Lately Hilder and I have been idly discussing doing a small music thing together. There was talk of trying to start a new band but that's possibly a bit much to start with. I mean, they'd be other people involved, can't be insular with outsiders.
As Hilder often writes single passage pieces and i'm often accused of being too loquacious, garrulous and with a tendency towards prolix (if those aren't all the same thing) so it seemed a good idea to try and craft some small vignettes.
On the face of it this would probably seem a cop out. On the contrary it's every bit as difficult as writing a more traditional type of song, if not harder. Take Trippin' by Robbie Williams I find everything about the verses to be flat and dreary. Lyrically it's a bit uninspired, he seems to be singing about Eastenders characters and the melody is really unoriginal. Once i got to know the whole song i felt very much that the verses had been written backwards from the chorus. When it kicks into the falsetto for the chorus and the lyrics become a bit more all embracing then it gets good...

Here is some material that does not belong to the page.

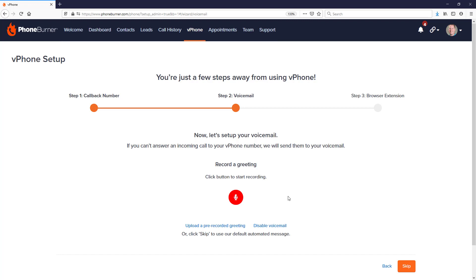Hello, thank you for taking a moment to watch this video. In this particular training, I want to talk to you about how you can record your voicemail greeting for your vPhone number.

Of course some songs have good bits all the way through and of course Coldplay continue to make albums long, long after they should have stopped. During the lunar eclipse earlier in June I imagined Chris Martin watching it in his back garden with his rhyming dictionary. Struggling*.
So anyway here is the first sort of single stanza piece that i'm putting in my back pocket for possible use...
White feather float away
cross me once shame on you
cross me twice shame on me
catch the wind follow it
catch the wind follow it
It probably needs at least another four lines. The challenge of course with a restricted form of writing like this is that every word has to be weighted just so. It sort of annoys me that the sentiment of the second and third lines is simple yet takes two lines to express. Also it's repititious.
So this may well just go down as getting my arm in; ready for some very redacted lyricism. I'll leave you with one of my favourite short songs. It's by music hall duo Flanders and Swann and is called Dead Ducks. It is both concise and yet has some repetition. It has wit and even pops in an amusing reveal at the very end...
*Check the Pervasive Rhymes list. As well as Moon and June there are some other ridiculously common pairings. This is not even a recent observation, Flanders and Swann had a song about the unoriginality of rhyming moon with June way back in the sixties.